Clowes, 56, sentenced to 10 years after the collapse of the investment company Barlow Clowes in 1992, had denied claiming pounds 1,800 in benefits when he was working.

It took the jury at Mold Crown Court in north Wales three hours to convict Clowes, now a computer programmer, living in Stockport, Greater Manchester.

Judge John Rogers QC said that the offence was aggravated by the fact that Clowes had been out of prison for just 10 months when he started making the false claims. The fraud was "sophisticated" and "deliberate", he added.

The judge told Clowes: "On December 3 you applied for job- seeker's allowance. You informed both orally and in writing the Benefits Agency that you were not working - that was untrue."

Judge Rogers told the court that had it not been for a change in the law, Clowes could have been ordered to serve some of the remainder of his previous sentence.

During the five-day trial, the jury heard that Clowes was accused of three specimen charges over a four-month period from December 1996.

Robin Spencer, for the prosecution, said Clowes had been working for a computer company in London, WP Software. However, he left that job and began claiming benefit while living with his wife and two children in a rented pounds 800-a-month four-bedroom home in Macclesfield, Cheshire.

Clowes then signed on and every fortnight he visited a Job Centre, renewing a declaration that he had not been working. But he was earning from a business trading under the name of PC51.

Mr Spencer said PC51 was set up by Mr Clowes' step-daughter and her boyfriend and he was paying his household bills from the business bank account. Clowes was being paid "through the back door", he added.

The court heard that Clowes was designing software for two firms at an old mill in Bollington, Cheshire.

Both firms were being operated by Christopher Jones and Philip Rich, the boyfriend of Nicola Haydock, Clowes' step-daughter.

The court was told that PC51 invoiced the accident claim firm Crash Direct and the window company Arctic Shields for new databases.

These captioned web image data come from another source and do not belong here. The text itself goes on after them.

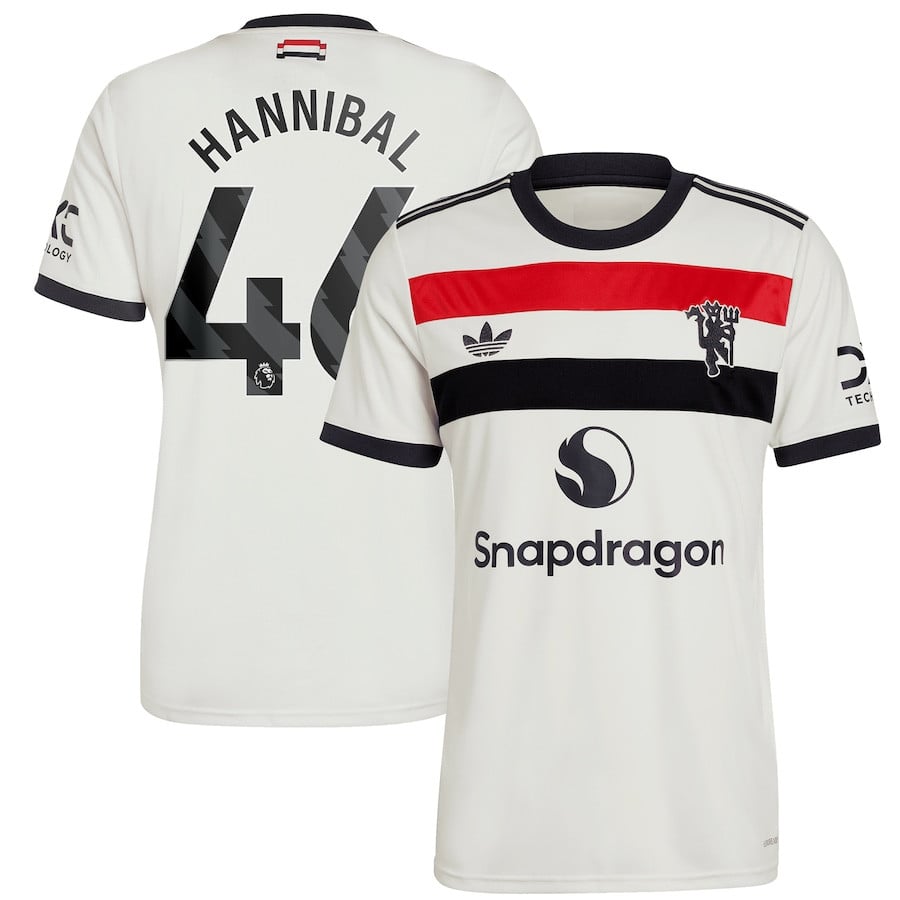Hannibal Mejbri 46 Manchester United 2024/25 Third Men Jersey – Cream
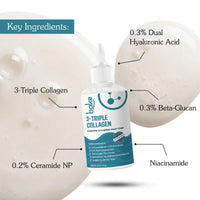 BAKE 3-Triple Collagen Milky Toner with Ceramide for Deep Hydration & Skin Barrier Repair-200ml - 3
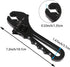Dokili 3AN-16AN Adjustable Fitting Wrench, Lightweight Black Aluminum Tool for Hose Fitting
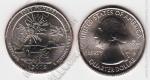 США 25 центов 2013Р (арт217) 19-й Парк Fort McHenry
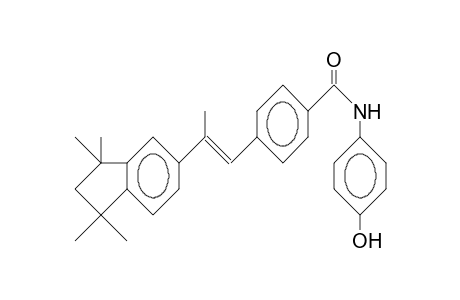 1-(4-[4-Hydroxy-anilino]carbonyl-phenyl)-2-trans-(tetramethyl-5-indanyl)-propene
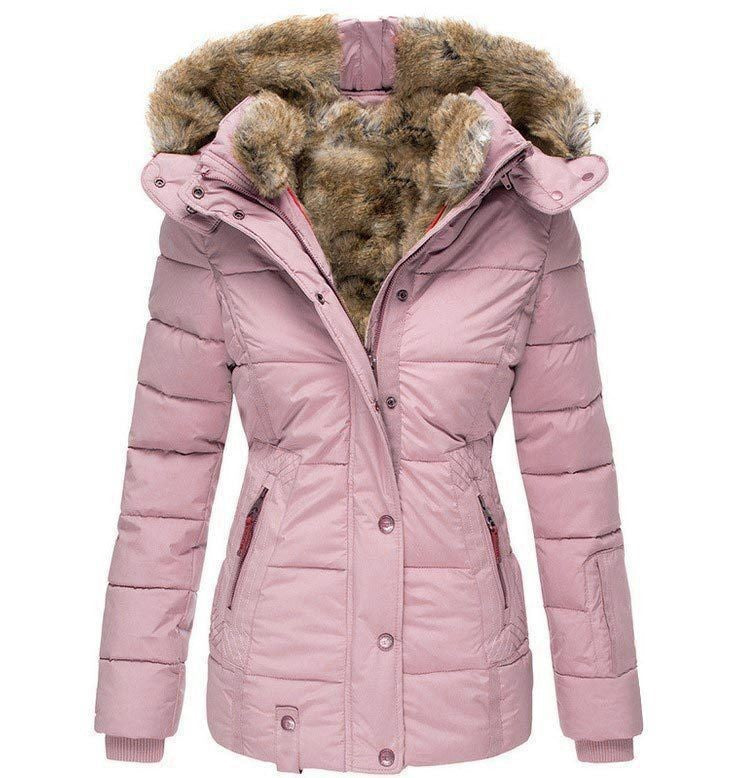 Moncelia Liesl Quilted Faux Fur Hood Puffer Jacket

Clowes then paid his rent, an electricity bill and the car tax on his wife's car from the PC51 account.

Clowes denied he had been working at the mill and said he had been studying the computer systems.

He said that the money from PC51 was a loan and that pounds 3,000 was paid into the business account by his parents.

Nigel Fieldhouse, for the defence, asked the judge to consider a sentence that would not "crush" his client.